> **Goal of the exercise**
Using the data that follows, output only the lines from the line with "Hey guys, I'm" up to and including the line with "When it's done, that's", exactly, leaving pictures aside.

> **Material shown**
• • • • • • •

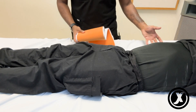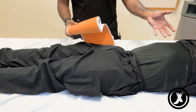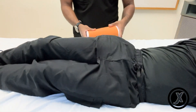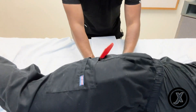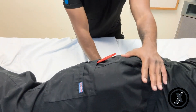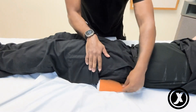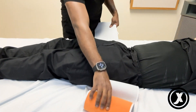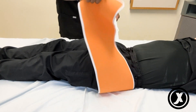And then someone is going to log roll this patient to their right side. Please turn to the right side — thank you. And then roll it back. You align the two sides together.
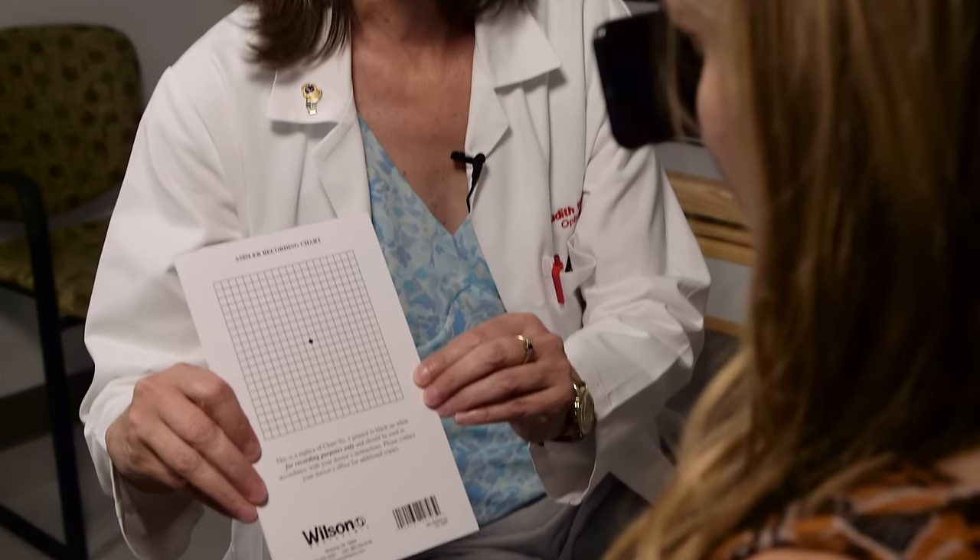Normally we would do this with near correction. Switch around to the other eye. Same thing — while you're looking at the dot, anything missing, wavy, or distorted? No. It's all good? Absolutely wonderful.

• • • • • • •

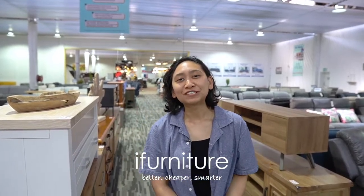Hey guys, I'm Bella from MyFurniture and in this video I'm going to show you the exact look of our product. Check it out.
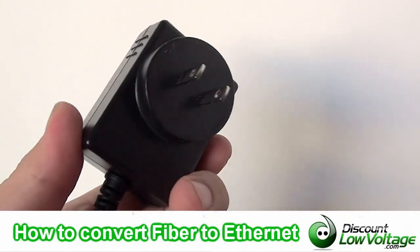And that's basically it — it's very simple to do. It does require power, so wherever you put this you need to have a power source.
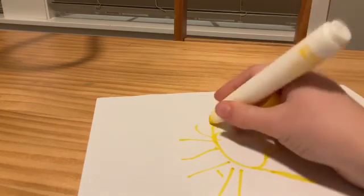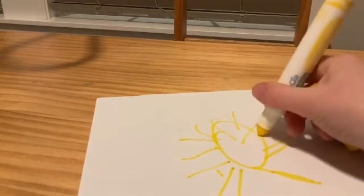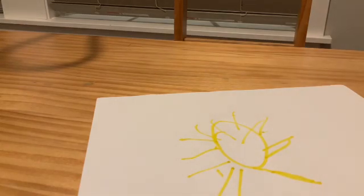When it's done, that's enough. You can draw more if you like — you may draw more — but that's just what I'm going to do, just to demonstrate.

• • • • • • •

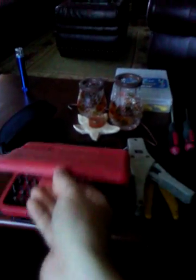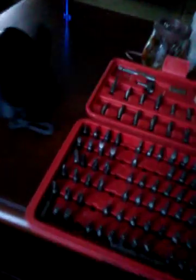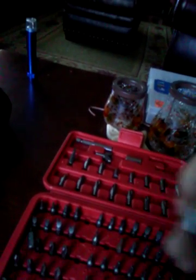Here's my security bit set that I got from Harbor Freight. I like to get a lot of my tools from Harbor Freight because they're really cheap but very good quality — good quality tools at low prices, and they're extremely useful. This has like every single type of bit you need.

• • • • • • •

> **Response to this task**
Hey guys, I'm Bella from MyFurniture and in this video I'm going to show you the exact look of our product. Check it out.
And that's basically it — it's very simple to do. It does require power, so wherever you put this you need to have a power source.
When it's done, that's enough. You can draw more if you like — you may draw more — but that's just what I'm going to do, just to demonstrate.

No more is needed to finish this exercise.